Puts pressure on competitors and opens up the market to a new class of customers with a 44% reduction in pricing

January 20, 2003

4 Min Read
Force10 Slashes 10-GigE Pricing

10-Gigabit Ethernet has begun its descent -- in pricing, that is.

Tomorrow Force10 Networks Inc. will be announcing that it’s cutting its per-port pricing by 44 percent. This is the largest pricing slash the technology has seen so far.

This drop is natural and expected as the technology matures, say analysts. In fact, Gigabit Ethernet and 10/100 Ethernet pricing continues to fall quarter by quarter. Analysts and vendors agree that at this point in 10-Gbit/s development, it’s necessary to drop prices to encourage more widespread adoption of the technology.

“It’s like the DVD market,” says Steve Mullaney, vice president of marketing for Force10. “Most people weren’t willing to spend a couple of thousand dollars on one. But now you can get one at Wal-Mart for a hundred bucks, and people are putting them in every room of their house.”

Specifically, Force10 will be offering its two-port 10-Gbit/s Ethernet card for $34,000, or $17,000 per port. The E1200 can support up to 28 ports of 10-Gbit/s Ethernet in a 14-slot chassis.

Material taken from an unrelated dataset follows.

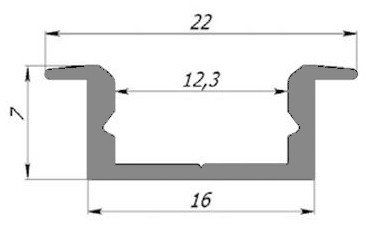 Анодований врізний профіль ЛПВ-7 світлодіодний UKRLED (20719)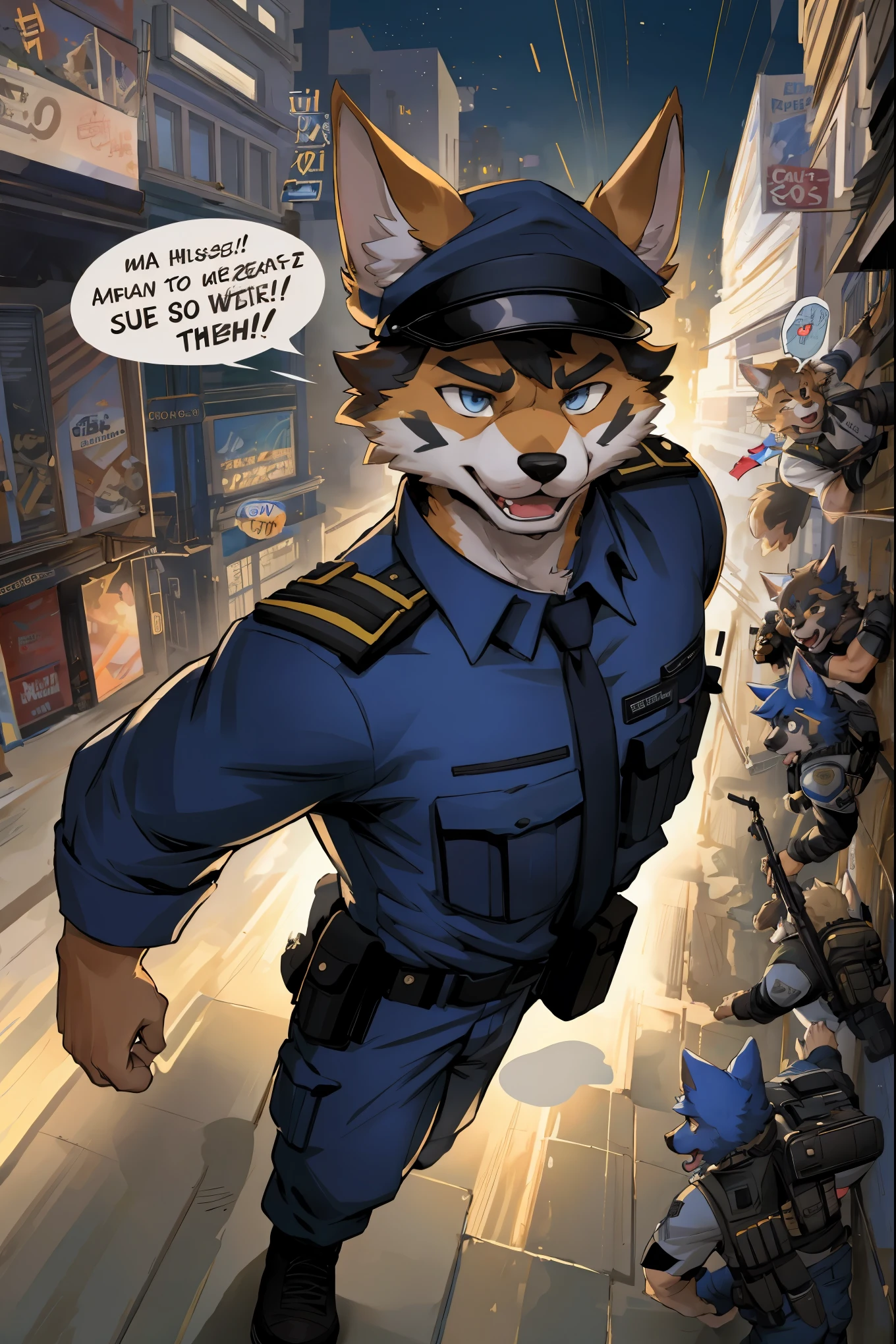 top quality, best quality, highres, masterpiece, super high resolution, detailed background, street, gasping for air(super handsome boys, dog)police officer, swat, police uniform, 6+boys, 6+girls, absurdres(highly detailed beautiful face and eyes)perfect anatomy, good lighting, cinematic shadow(kemono, furry anthro)assorted expressions, assorted poses, assorted angles, full body, upper shot, dynamic angle(boys comic-like panel layouts, speech balloon, English text, Hand-drawn sound effects stickers used in battle comic),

Force10's Ethernet competitors have much higher pricing. Cisco Systems Inc. (Nasdaq: CSCO), the leader in Ethernet switching, is at the top of the pricing ladder. It sells its Catalyst 6500 switch for about $65,000 per port. This includes a base module that lists for about $30,000 and an optical insert that lists for $35,000. Foundry Networks Inc. (Nasdaq: FDRY) lists its 10-Gbit/s ports anywhere between $50,000 and $85,000 per port, depending on the optics. Avaya Inc. (NYSE: AV) lists for $35,000 per port.

Extreme Networks Inc. (Nasdaq: EXTR), which typically competes based on cost, has already cut its pricing twice. When it first started shipping its 10-Gbit/s Ethernet solution last summer, it listed at about $60,000 per port. It subsequently lowered its price tag to $50,000 per port. Since December the company has been running a special promotional sale: $25,000 per port.

Unlike Force10, however, all these vendors only offer 10-Gbit/s Ethernet on a single-port card.

“Ethernet pricing is always a horse race,” says Michael Howard, principal analyst and founder of Infonetics Research Inc. “One vendor will take the lead, and a few months later someone else will take the lead. Even Cisco, which typically sells higher than its competition, has to lower prices in response to competitors because customers feel gouged.”

Force10’s advantage over its competitors is that it initially designed its product with 10-Gbit/s Ethernet switching in mind. It has designed the switch so that it could potentially handle 40 Gbit/s per line card (see First 10-Gig Ethernet Switch Arrives). All the others -- Avaya, Cisco, Extreme, and Foundry -- have bolted their 10-Gbit/s cards onto products designed for 1-Gbit/s switching. As a result, these switches don’t run at line rate, generally switching traffic at a maximum rate of 8 Gbit/s.

The fact that Force10 appears to have a technical lead makes it surprising that it's also the one cutting prices. But it's an aggressive strategy that may catch customers' eyes.

“I’m not surprised that Force10 would take the lead in pricing,” says Dave Passmore, research director at Burton Group. “The company was fortunate enough to design a product for 10-Gbit/s Ethernet from a clean piece of paper.”

But this likely won't be the end of the price war. Foundry is about to launch its second-generation 10-Gbit/s Ethernet product later this month. It will increase port density and offer true wire-rate switching for 10-Gbit/s Ethernet. It will also announce price cuts of between 10 percent and 15 percent per port. Cisco and Extreme are also expected to announce next-gen products later this year.

The current market for 10-Gbit/s Ethernet remains small. Infonetics’ Howard says that 10-Gbit/s Ethernet port sales were in the hundreds to low thousands in 2002. But he says that reduced pricing and a new generation of switches will likely boost that figure significantly in 2003. He says it wouldn’t surprise him to see sales grow to 5,000 ports this year.

Early adopters of 10-Gbit/s technology, such as supercomputing facilities and universities, have so far been the primary market for the technology. But Howard expects demand to slowly grow among enterprise customers and some service providers. Enterprise customers have already begun deploying 10-Gbit/s Ethernet in large enterprise data centers to aggregate server traffic. Some service providers in Asia and Canada are also turning toward 10-Gig to link together metro-area backbones.